■ **About this task**:
Write out the line with "TREASURE ジョンウ ポラロイド" and every later line through the end of the data below, exactly as given, with no pictures in the copy.

─── Data in this exercise

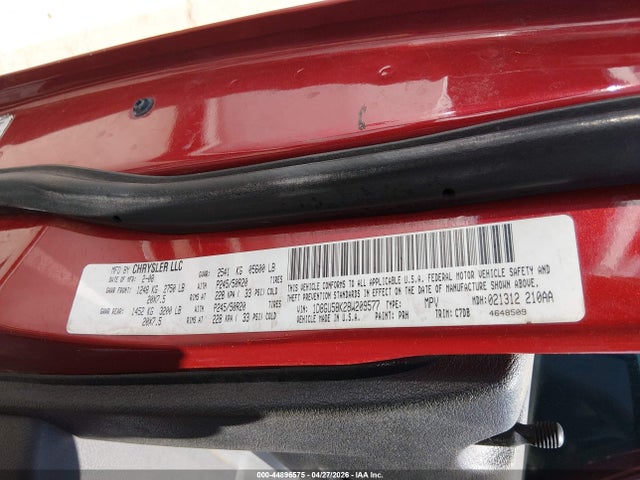 Продажа на аукционе авто 2008 Dodge Nitro Slt/rt, vin: 1D8GU58K28W209577, номер лота: 44896575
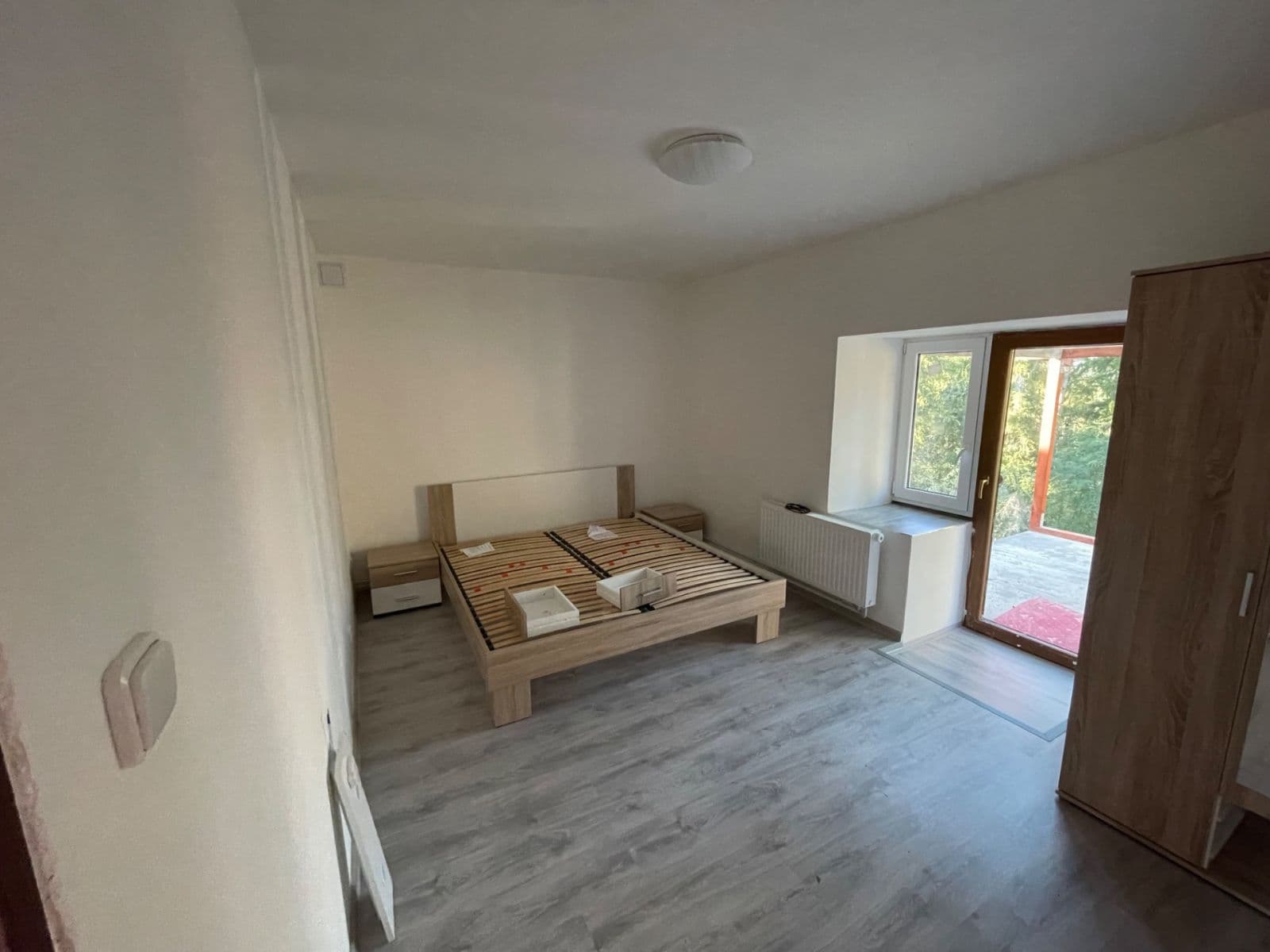 Pronájem domu 41 m², pozemek 130 m², Horní Bludovice, Moravskoslezský kraj Pronájem domu 41 m², pozemek 130 m², Horní Bludovice, Moravskoslezský kraj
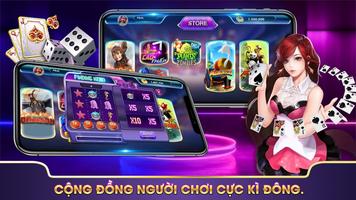Sun Club: Game Bai Doi Thuong ポスター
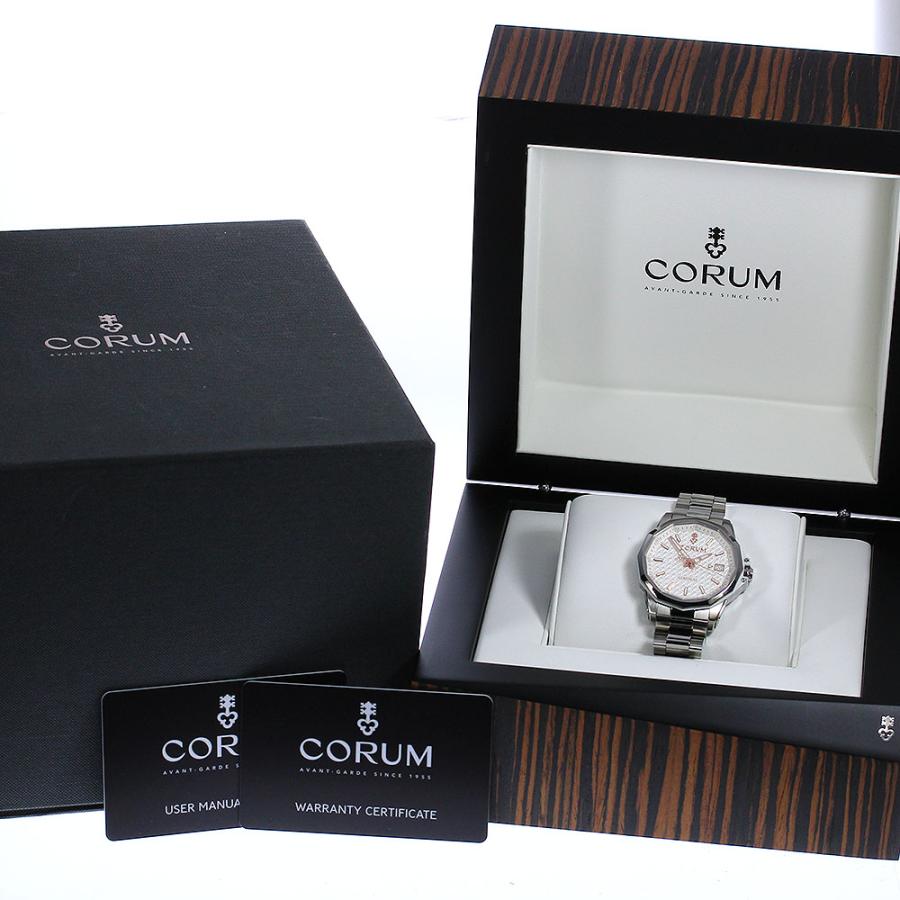 CORUM（コルム） CORUM 082.202.04/V800 AA25 アドミラル 38 デイト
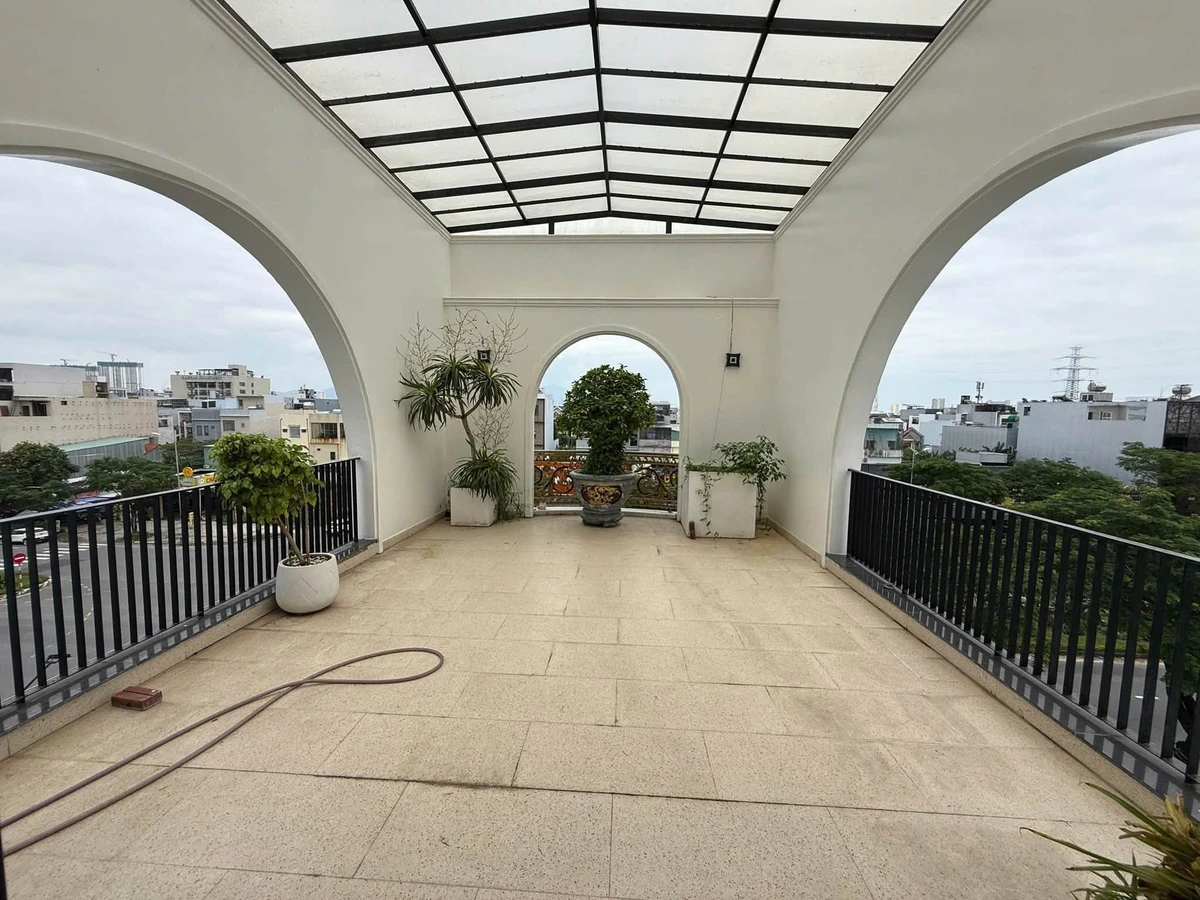 Bán nhà 4 tầng 100m² mặt tiền Nguyễn Phước Lan, Đà Nẵng - Ảnh thu nhỏ 4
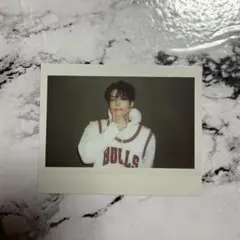 TREASURE ジョンウ ポラロイド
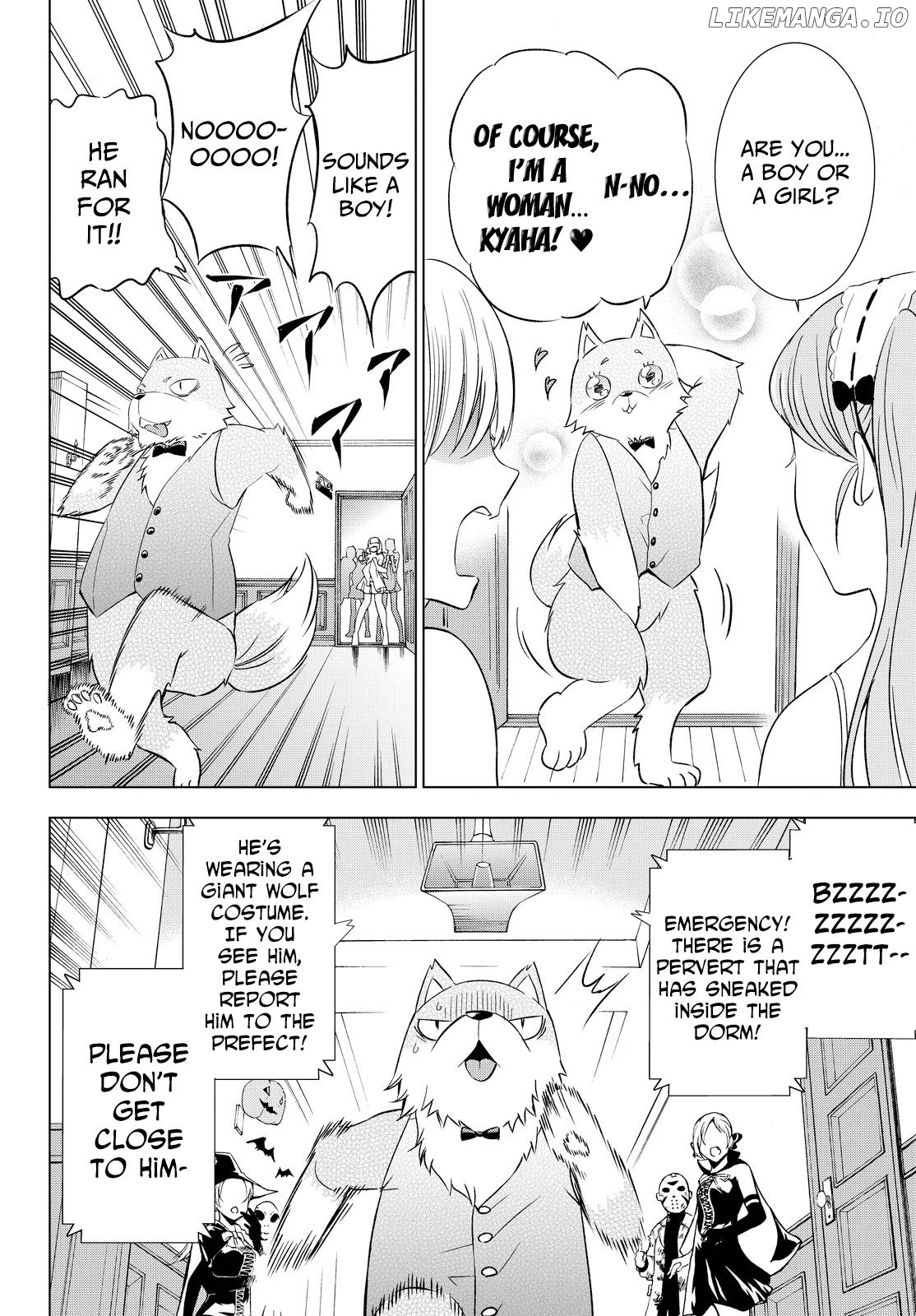 Kishuku Gakkou No Juliet chapter 17.5 - page 11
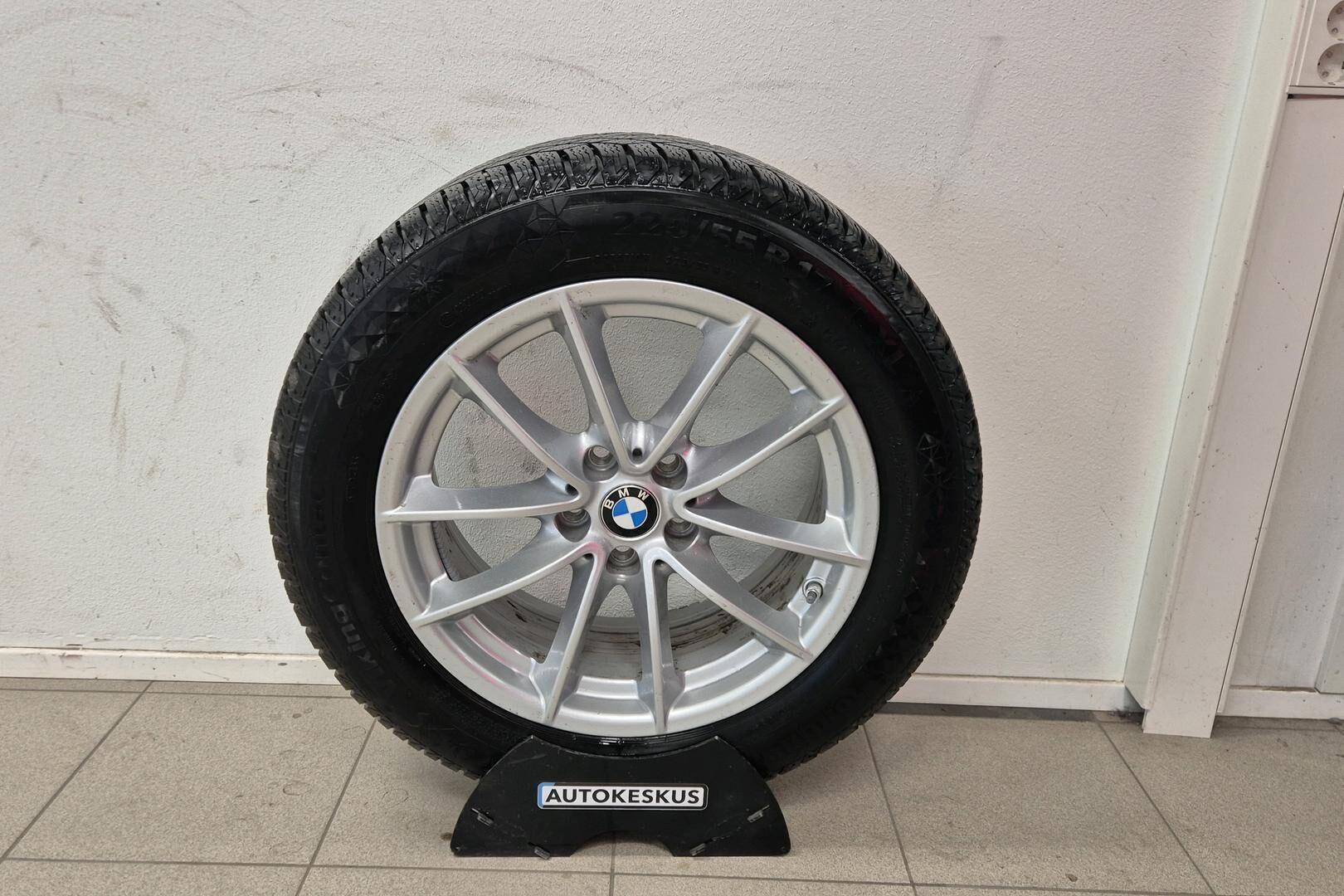 BMW 5-sarja iso kuva 23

──────

■ **Answer for this exercise**:
 TREASURE ジョンウ ポラロイド
 Kishuku Gakkou No Juliet chapter 17.5 - page 11
 BMW 5-sarja iso kuva 23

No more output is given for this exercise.